Le système juridique libanais est bien loin de cet avancement. Aujourd’hui, tout club sportif n’est pas en droit de s’enregistrer en tant que société commerciale et ne peut se constituer légalement qu’en tant qu’association. Cette contrainte rend la planification budgétaire, en parallèle à la stratégie sportive, plus difficile. Dans un entretien avec Ici Beyrouth, Maître Ralph Charbel, expert en droit international du sport et rédacteur en chef de Middle East Sports Law explique que "la structure des clubs au Liban a crucialement besoin de développement afin d’assurer la pérennité de ces organisations sportives. L’association ne permet pas de faire des profits. L’investissement dans le sport devient donc automatiquement à perte."

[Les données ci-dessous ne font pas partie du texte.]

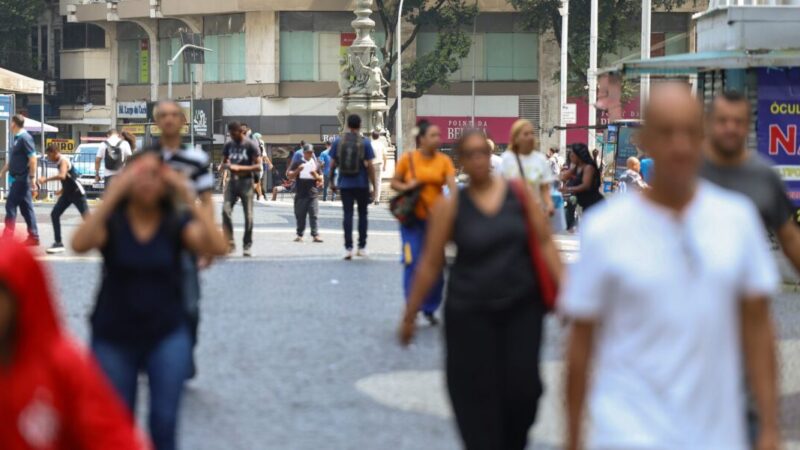 Sociedade civil entrega propostas de desenvolvimento para presidenciáveis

L’arrêt Bosman a révolutionné le football et a accentué la domination des Européens sur le football mondial

Les lois, prépondérantes pour le développement du sport

A l’échelle internationale et dans le sport le plus populaire (le football), l’exemple de l’arrêt Bosman de 1995 est saisissant sur l’importance des lois dans le sport. En effet, le rapport de forces entre Européens et Sud-américains en coupes du monde a drastiquement évolué en faveur des Européens depuis l’arrêt Bosman.
L’arrêt Bosman est le fruit d’un litige entre le joueur belge Jean-Marc Bosman et son club, le RFC Liège. En 1990, Bosman voulait quitter son club mais la procédure pour changer de club n’était pas aussi simple qu’aujourd’hui. En effet, même si le joueur était en fin de contrat, le club acheteur devait à l’époque s’acquitter d’une somme pour enrôler le joueur. Dunkerque (club de Ligue 2 en France) voulait recruter Bosman, mais la somme demandée par Liège était trop élevée, ce qui empêcha le deal d’aboutir. Bosman déposa une plainte aiprès de la Cour de justice européenne et, le 15 décembre 1995, il gagnait son procès, ce qui donna naissance à l’arrêt Bosman. Cet arrêt stipulait que les joueurs étaient désormais libres de rejoindre le club de leur choix à la fin de leur contrat. Ils pouvaient de surcroît changer de club, même s’ils étaient sous contrat, sous réserve du paiement d’une clause libératoire par le club acheteur. Enfin, les clubs européens n’avaient désormais plus de limite au nombre de joueurs issus de l’Union européenne au sein de leur effectif.
Depuis l’instauration de l’arrêt Bosman, les Européens ont gagné 5 des 6 coupes du monde jouées (83%), alors qu’avant l’arrêt, l’Europe en avait remporté seulement 7 de 15 (47%). L’exposition des meilleurs joueurs européens de toutes les nations a renforcé les meilleurs joueurs des grandes nations, en pavant par exemple la voie à la première victoire de la France en coupe du monde en 1998, dont la majorité des meilleurs joueurs n’évoluait pas en France, mais dans les meilleurs clubs européens. De plus, des nations secondaires en Europe, telles que la Croatie et la Belgique, ont fait un saut qualitatif impressionnant, finissant respectivement deuxième et troisième du dernier Mondial, en raison notamment du fait que leurs meilleurs joueurs ont désormais la possibilité juridique de rejoindre les clubs des grands championnats européens, et ne sont plus limités à l’exercice de leur profession dans leur championnat national de clubs, qui est relativement faible. Ainsi, à la coupe du monde 2018, la majorité des joueurs de la sélection belge évoluaient dans l’un des meilleurs, voire le meilleur championnat européen, qu’est la "Premier League" anglaise.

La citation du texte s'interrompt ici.